William Bulkeley | |
Occupation: | merchant |
William Bulkeley was a Liverpool merchant, son of Thomas Bulkeley of Anglesey,[1] who financed voyages for slave-trading, privateering, and the Greenland whale fishery. He was apprenticed to Foster Cunliffe, a merchant of Liverpool, in 1731. By 1750 he was prosperous enough to be one of the first pew-holders of St Thomas's Church, Liverpool.[2]
Bulkeley was part of a consortium of Liverpool merchants who in 1744 invested in Old Noll which they put to work as a privateer.during the War of the Austrian Succession.[3]

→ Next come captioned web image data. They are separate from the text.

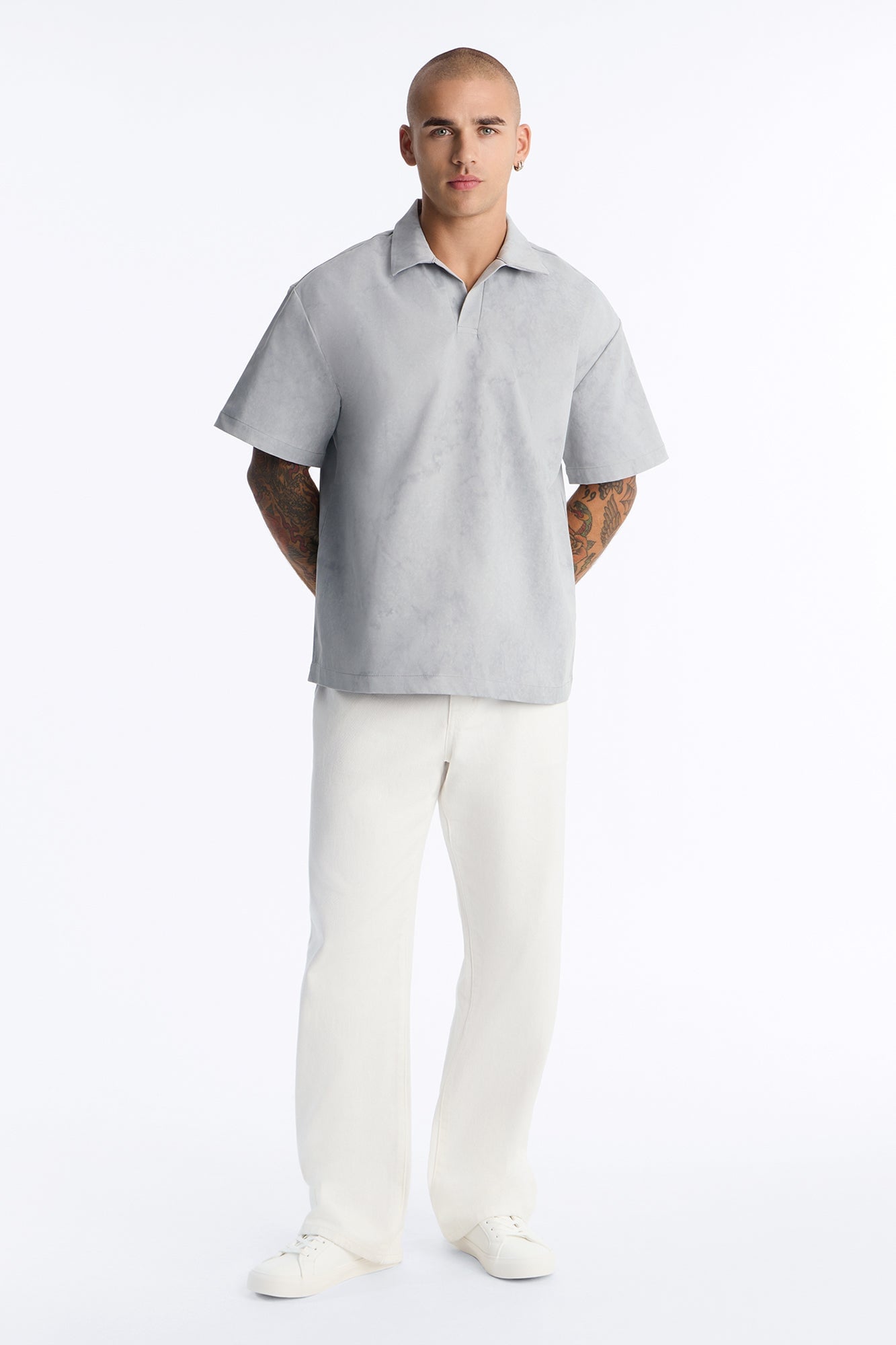 Modern Envoy Boxy Short Sleeve Polo - Washed Grey image 6
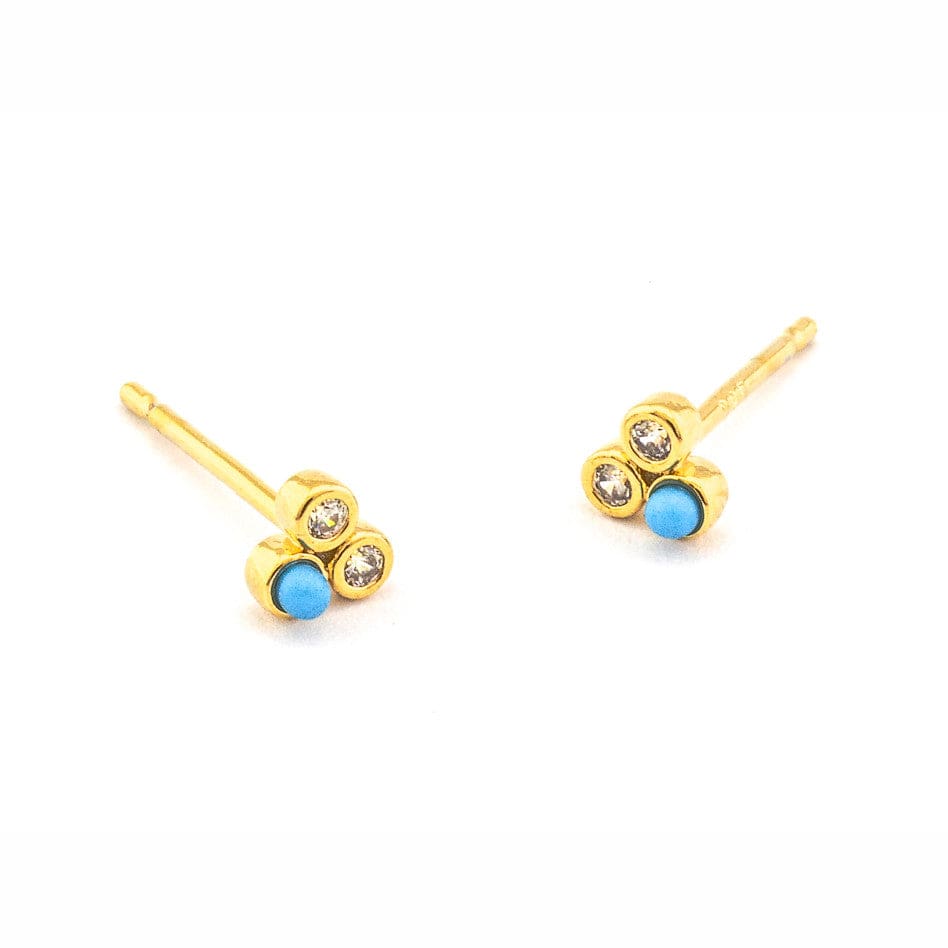Turquoise And Cz Mini Cluster Studs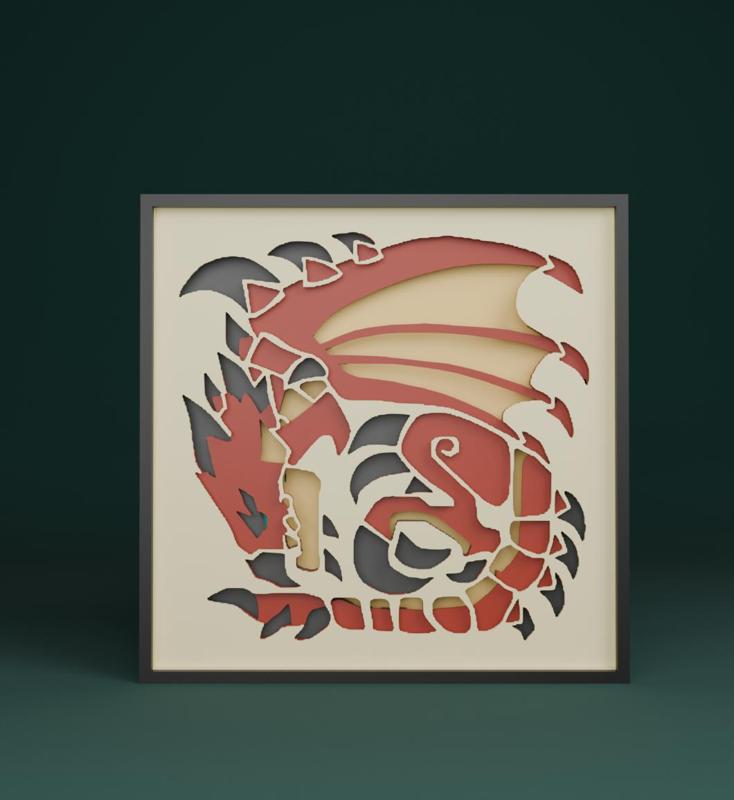 Rathalos mini 3D mountable picture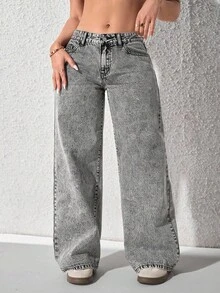 SHEIN Unity Plus Size Y2K Fashion Distressed Low Waist Baggy Jeans - Light Grey - View 1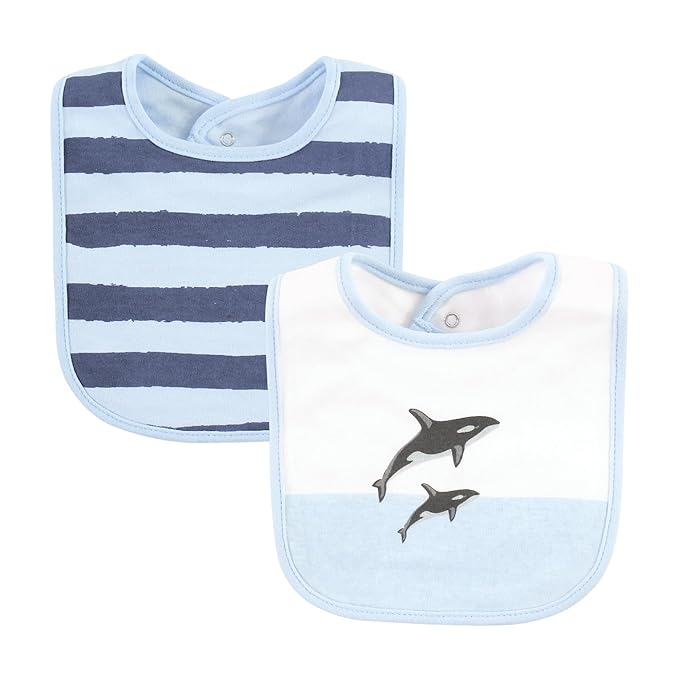 Hudson Baby Unisex Baby Cotton Bibs, Boy Whale Shark, One Size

Between 1747 and 1756 he was part-owner of eleven slaving voyages.[4] He also co-owned many other ventures, including from 1749 the ship Golden Lion, captured from the French on the last day of 1744, by HMS Port Mahon, (Hy. Aylmer Smith, commander), which was then used as a privateer.[5] Bulkeley and his partner bought her in 1749, and fitted her out for a new career as a Greenland whaler, the first such ship from Liverpool. Under Captain Metcalf she made at least two successful voyages to Greenland.[5] Bulkeley had other interests; he also bought and sold large amounts of tobacco.[6]